Hans von Spakovsky, a Republican lawyer who served in the Bush Administration, has promoted strict voter-I.D. laws. Photograph by Lauren Lancaster. 

Engelbrecht has received especially valuable counsel from one member of the group: Hans von Spakovsky. A Republican lawyer who served in the Bush Administration, he is now a senior legal fellow at the Heritage Foundation, the conservative think tank. “Hans is very, very helpful,” Engelbrecht said. “He’s one of the senior advisers on our advisory council.” Von Spakovsky, who frequently appears on Fox News, is the co-author, with the columnist John Fund, of the recent book “Who’s Counting?,” which argues that America is facing an electoral-security crisis. “Election fraud, whether it’s phony voter registrations, illegal absentee ballots, vote-buying, shady recounts, or old-fashioned ballot-box stuffing, can be found in every part of the United States,” they write. The book connects these modern threats with sordid episodes from the American past: crooked inner-city machines, corrupt black bosses in the Deep South. Von Spakovsky and Fund conclude that electoral fraud is a “spreading” danger, and declare that True the Vote serves “an obvious need.” 

Lorraine Minnite, a public-policy professor at Rutgers, collated decades of electoral data for her 2010 book, “The Myth of Voter Fraud,” and came up with some striking statistics. In 2005, for example, the federal government charged many more Americans with violating migratory-bird statutes than with perpetrating election fraud, which has long been a felony. She told me, “It makes no sense for individual voters to impersonate someone. It’s like committing a felony at the police station, with virtually no chance of affecting the election outcome.” A report by the Times in 2007 also found election fraud to be rare. During the Bush Administration, the Justice Department initiated a five-year crackdown on voter fraud, but only eighty-six people were convicted of any kind of election crime. 

Hasen, who calls von Spakovsky a leading member of “the Fraudulent Fraud Squad,” told me that he respects many other conservative advocates in his area of expertise, but dismisses scholars who allege widespread voter-impersonation fraud. “I see them as foot soldiers in the Republican army,” he says. “It’s just a way to excite the base. They are hucksters. They’re providing fake scholarly support. They’re not playing fairly with the facts. And I think they know it.” 

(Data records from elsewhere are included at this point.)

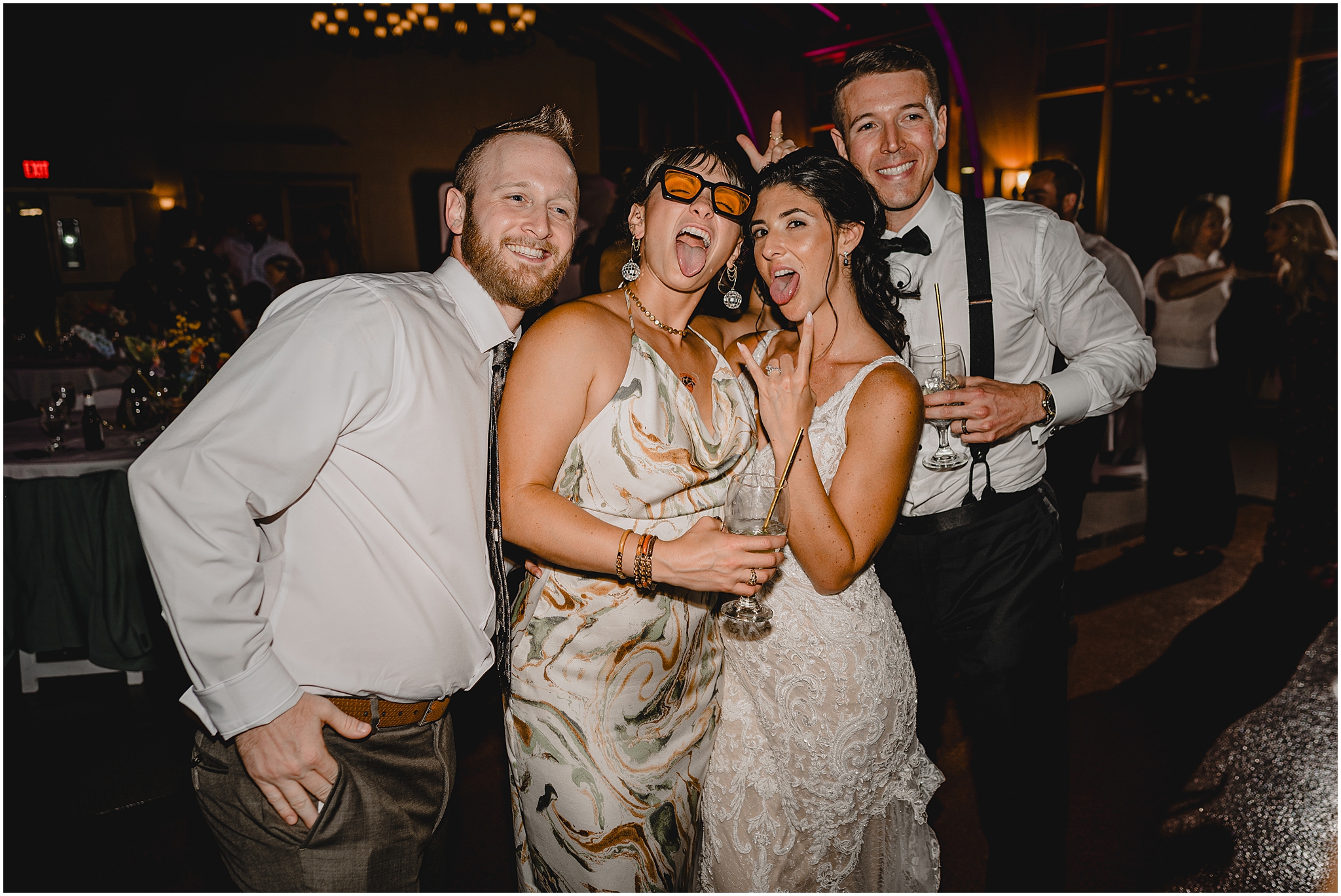 bride and groom pose with guests on dance floor during NJ wedding reception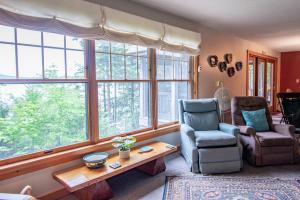 a living room with two chairs and a table and windows at Gorgeous lakefront home w/ dock, canoe, kayaks & lake/forest views in Ellsworth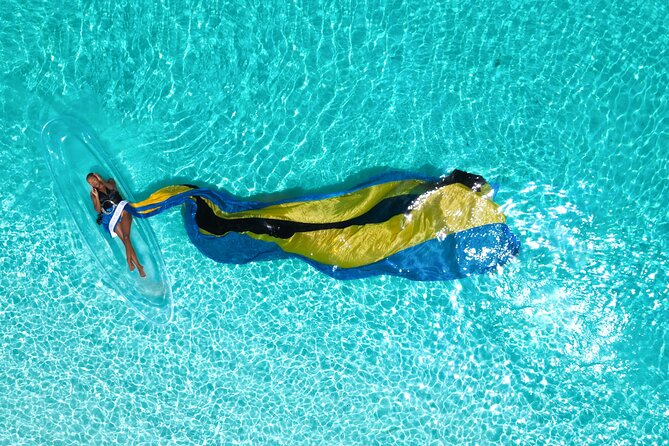 Nassau Clear Kayak Drone Photoshoot- Floating Dress - Working with the water representative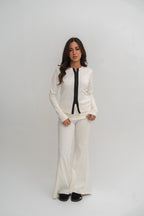 Woman wearing a white outfit with a black tie against a plain background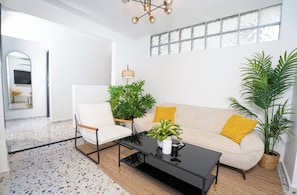 Een moderne woonkamer met een bank, fauteuil, salontafel en potplanten.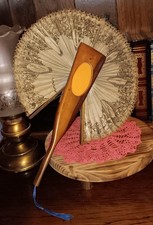 Antico torciera da coccarda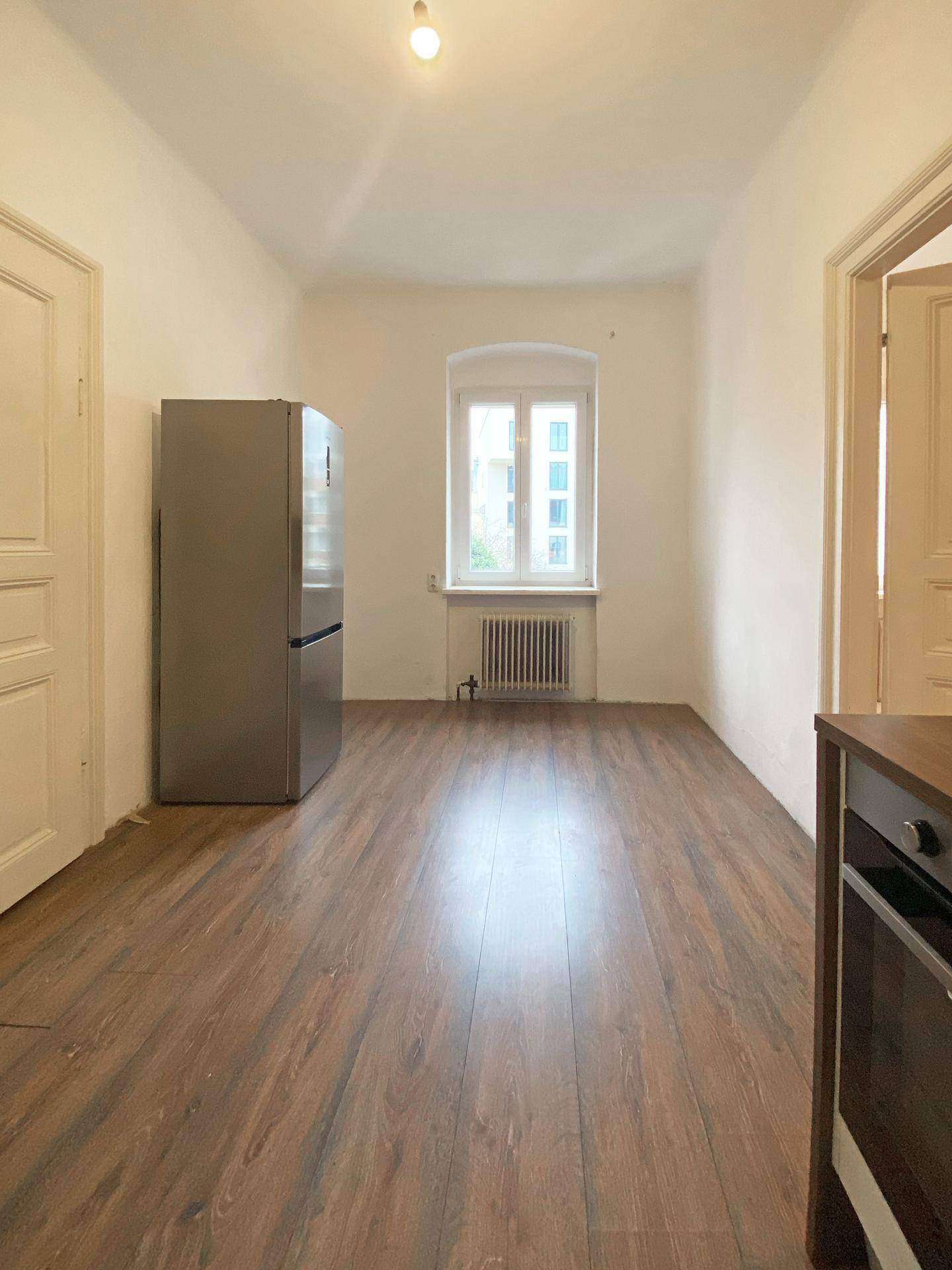 Heller Küchenbereich mit Holzboden, Fenster und einem modernen Kühlschrank.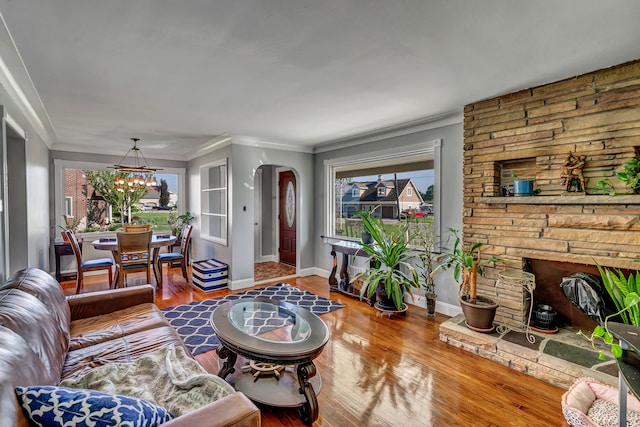 living room with hardwood / wood-style floors, an inviting chandelier, ornamental molding, and a stone fireplace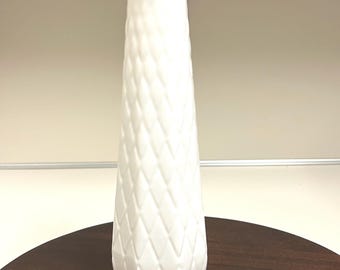 May include: White milk glass vase with a diamond pattern. The vase has a scalloped rim and a rounded base.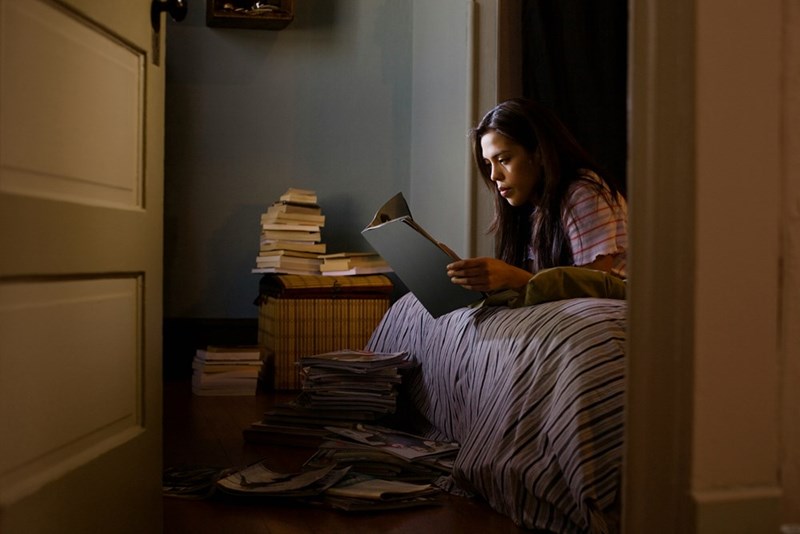 Girl reads a magazine in a room full of books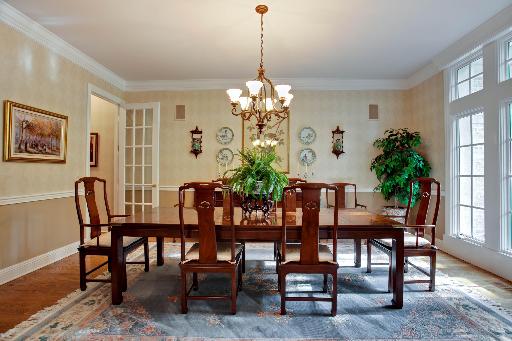 804 Cleveland Road Hinsdale, IL 60521 - Photo 3 of 16 a view of a dining room with furniture window and wooden floor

The election of 2008 was a milestone in terms of turnout. The percentage of African-Americans who voted (sixty-five) rivaled the percentage of whites who voted (sixty-six). Penda Hair, the co-director of the Advancement Project, a progressive voting-rights advocacy group, says that this statistic discomfited Republicans. “Conservatives were looking at it and saying, ‘We’ve got to clamp things down,’ ” Hair said. “They’d always tried to suppress the black vote, but it was then that they came up with new schemes.” 

With legions of citizen watchdogs on the lookout for fraud, voters confused about the documents necessary to vote, and the country almost evenly divided politically, von Spakovsky is predicting that November 6th could be even more chaotic than the 2000 elections. He will play a direct role in Virginia, a swing state, where he is the vice-chairman of the electoral board of Fairfax County. Joining us at the conference table at the Heritage Foundation, John Fund, von Spakovsky’s co-author, told me, “If it’s close this time, I think we’re going to have three or four Floridas.” Von Spakovsky shook his head and said, “If we’re lucky only three or four.” If there are states where the number of provisional ballots cast exceeds the margin of victory, he predicts, “there will probably be horrendous fights, and litigation between the lawyers that will make the fights over hanging chads look minor by comparison.” Pursing his lips, he added, “I hope it doesn’t happen.” But, if it does, no one will be more ready for the fight.